> DIRECTIONS
Only one stretch of the data below is wanted: the lines starting at the one with "Rodolfo Bellatti - Respighi: Ancient" and ending at the one with "Get Unstuck for Kids! de John Seeley M. a.", both included, given again exactly.

> SUPPLIED MATERIAL
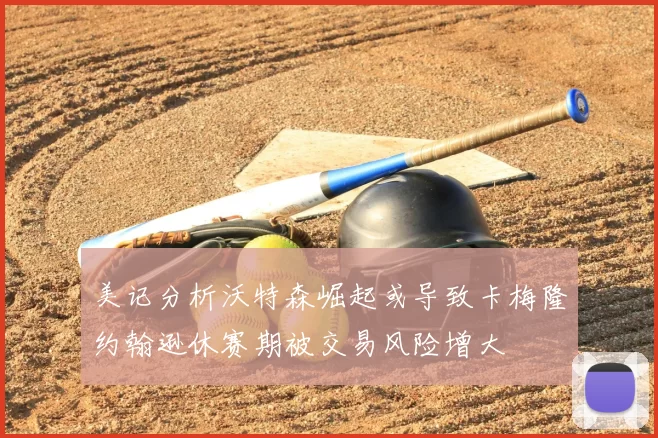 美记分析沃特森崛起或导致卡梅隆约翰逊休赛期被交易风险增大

* * *

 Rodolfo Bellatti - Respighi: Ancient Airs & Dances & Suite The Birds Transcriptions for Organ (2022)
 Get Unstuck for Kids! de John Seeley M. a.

* * *

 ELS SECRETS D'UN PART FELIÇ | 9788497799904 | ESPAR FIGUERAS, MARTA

> ANSWER BOX
 Rodolfo Bellatti - Respighi: Ancient Airs & Dances & Suite The Birds Transcriptions for Organ (2022)
 Get Unstuck for Kids! de John Seeley M. a.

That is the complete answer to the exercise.